I could no longer be part of this oppression and I left. Those Palestinians who didn’t sign up for transfers were taken by force—just put in trucks and dumped in Gaza.
Giladi, who died in 2010, served in the Israeli army from 1967-70, but then became active in the anti-Zionist Black Panther movement of Mizrahi Jews, and eventually abandoned Israeli citizenship and moved to the United States. He gave this hour-long interview in 1994.
Jews of Arab and Kurdish origin reclaim their history
I asked Behar by email to provide more background on the formation of the Committee of Baghdadi Jews in Ramat-Gan. Behar said he shared my questions with members of the committee and compiled and translated their answers.
Can you tell me more about the Ramat Gan Committee of Baghdadi Jews? When was it founded? Who does it involve?
The committee was founded because of the Deputy Foreign Minster’s refugee campaign, but it will deal with other issues. We decided to establish the Committee of Baghdadi Jews in Ramat-Gan following the attempt by the Deputy Foreign Minister and the Government of Israel to take advantage of our history in their cynical political manipulation.
It is far from the first instance of tampering with, exploiting, and deleting our history, but it is the straw that broke the camel’s back, and so yesterday morning we formed the Committee of Baghdadi Jews in Ramat-Gan.
The committee includes young and old, men and women, from Baghdad (and from Mosul and Basra), as well as some who were born in this country, in the first, second, and third generations, and those with mixed Kurdish and Moroccan ancestry.
We began the committee in order to reclaim our history and our culture (and of course our property), and to prevent others, including Zionist movements and the State of Israel, from possessing it for themselves.
So, we wrote our statement on September 14th in response to the government, and we will continue to be vigilant on a daily basis in the act of claiming our history. We believe that as a multigenerational Iraqi-Jewish community, we can write the story of our past, present, and future in Iraq and in Israel.
How widespread are the sentiments which the statement expresses?
We believe that those sentiments are very widespread among Iraqi Jews – of course more among the older generation, that is less affected by Israeli propaganda, and remembers more the Iraqi past – and knows that our property in Iraq is something between us and Iraq, and not between us and the Palestinians, and remembers also that most of Palestinian property from 1948 was taken by the Ashkenazim and the state, and not by Jews of the Arab world.
We believe that there should be a direct dialoge between Jews of the Arab world and the Arab states, and we hope that after a peace agreement the question of our property will be solved.
But the way the Israeli establishment uses our history from the 1950s, is not in order to give us our rights back, but in order to get rid of the rights of the Palestinians, and avoiding a peace agreement with them.

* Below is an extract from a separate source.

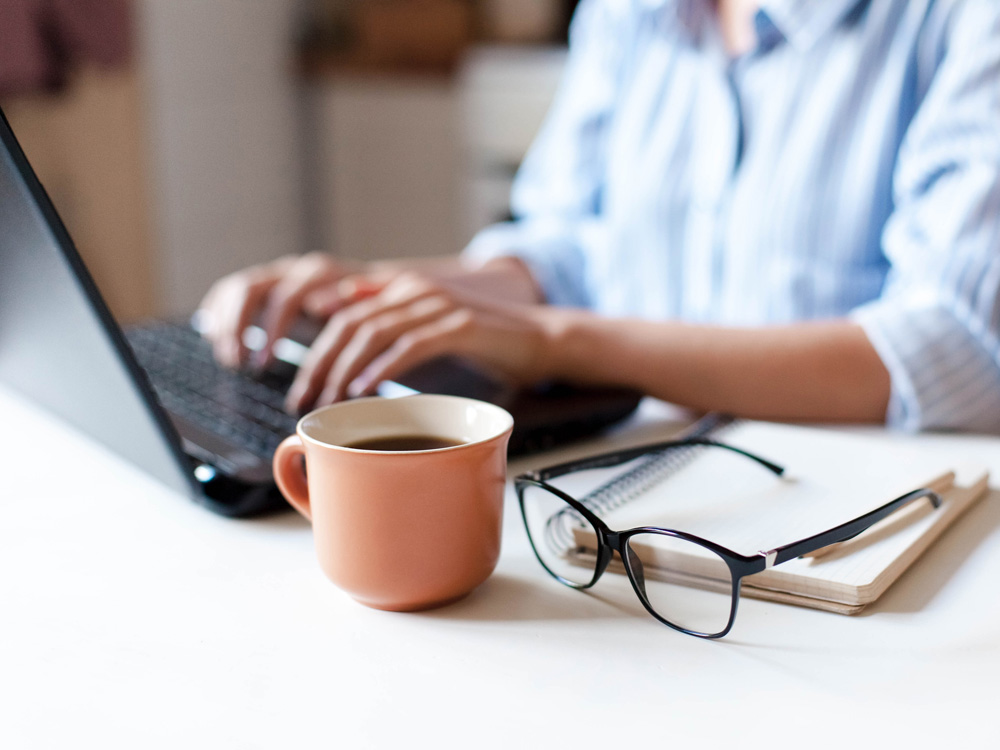 The reboot of the home and workplace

We do not want to be used, nor our history and personal stories to be used. We hope that the Arab world will understand that a dialouge with us, even before a peace agreement between Israel and the Palestinians, is important to it too. We are a part of Arab memory and history and culture, and it is wrong of the Arab world to forget our part in it, exactly as it was wrong of Israel to ask us to erase our Arabness or forget our past and language.
Were you aware of the account of Naeim Giladi?
We didn’t know Naeim Giladi’s work, but of course what happened in Iraq in the 1950s is an open wound for us, and we wish an investigation about the connections between Nuri as-Said and Ben-Gurion.